As the screen went black on last night’s episode of The Flash, most fans probably started checking to make sure this wasn’t actually the season finale. It was that big, and it blew the mythology wide open.
Massive spoilers ahead for The CW’s Flash!
First up, we finally get confirmation that Dr. Harrison Wells really is the comic version of the Reverse-Flash: future scientist Eobard Thawne, who has traveled back in time to duke it out with the Flash. We also get the tear-jerking death of Cisco (Carlos Valdes) at the hand (literally) of Wells, and the long-awaited love connection/Flash reveal between Iris and Barry.
… and then it all disappeared, as Barry ran so fast he tapped into his Speed Force powers and traveled back in time several hours to the beginning of all the craziness. Executive producer Andrew Kreisberg told Collider they’ll now be exploring different types of time travel and digging into the consequences of having Eobard Thawne hiding out in our time incognito:
“Like Wells has said in a previous episode, there are different versions of time travel. There’s the fixed loop, and then there’s the version where time is more plastic and mutable. One of the fun things is discovering what’s a fixed point in time, what can’t be changed and what things always have to happen, and then what things are changeable and are mutable. It’s a mixture of both. Obviously, none of us knows how time travel really works, but we’ve come up with our rules and we try to stick by them. Not to pat ourselves on the back, but a lot of what we’re doing now is stuff we set up in the pilot. You can go back and watch the pilot and go, “Oh, I get it! That’s why that stream of things is happening!…
You can take [Wells/Thawne] at his word that there obviously is a family connection between the two of them. There are some great scenes coming up, between Tom and Rick [Cosnett], that starts to become a storyline. It’s cool stuff. We’re not trying to purposely trick the comic book fans. Being one myself, you can get upset when it’s not quite the way it was in the book. But, the show has to live on its own and it has to be for everybody. It can’t just be an adaptation of comic books that people have already read and know so well. Obviously, we’ve thought of this, from the very beginning, and it’s been leading up to this.”
The Reverse-Flash himself, Tom Cavanagh, also had a lot to say about his character now that his real identity (and motivations) are finally out in the open.
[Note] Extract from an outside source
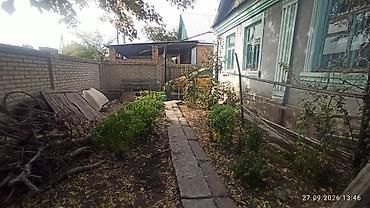 исанов: 5 бөлмө, 80 м², Бишкек, Эски толчок базары Менчик ээси — 5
According to Cavanagh, the decision to introduce the character as Harrison Wells allowed viewers to see him in a different light than the straight-up villain role most fans would’ve expected from the Flash’s archnemesis:
“He’s just a guy trying to get home. I think you can all appreciate that, emotionally. There are many ways to play a guy that is, from the starting point, already that rich and already has this many layers. The decision, by Andrew and the gang, to evolve how we see him and when we’re going to see him and where we’re going to find out more information about the different sides of his character, are always fun to play. For me, personally, playing the character, the starting point has always been that he’s a guy trying to get home. The starting point has always been Eobard Thawne, and then Harrison Wells is layered upon it. What’s good about it is that it’s not exactly duplicitous. There’s an element of that, but he doesn’t lie. He doesn’t lie to them.
He almost never lies. He’s telling the truth. He’s furthering his agenda, but he’s also furthering Barry’s agenda, and those two agendas are simpatico. As he’s working with them, he is appreciative. All that stuff that you see is not a mustache-twirling, villainous starting point. It’s actually genuine. We’re trying to accomplish something, and for the first season, we’re accomplishing it together. As we see in this episode, that makes it a little more heartbreaking when the next phase of the plan starts to happen. I think that’s just good writing. If he was just a dick the whole time, when he kills Cisco, you’d just hate him. But now that we’ve established that they are a group and a team, to watch that fracture, I find it all the more compelling.”
But just because all hell broke loose this week, don’t expect events to follow the exact same track now that the day has been reset. Kreisberg promises that Barry’s memories of the original timeline will lead to some drastic changes in how everything plays out this time around (Cisco lives?!). Basically, it was a way to drop some monster reveals for fans, then do a soft reset to add all that subtext to the proceedings.
What did you think of last night’s Flash? Did you see the Reverse-Flash reveal coming?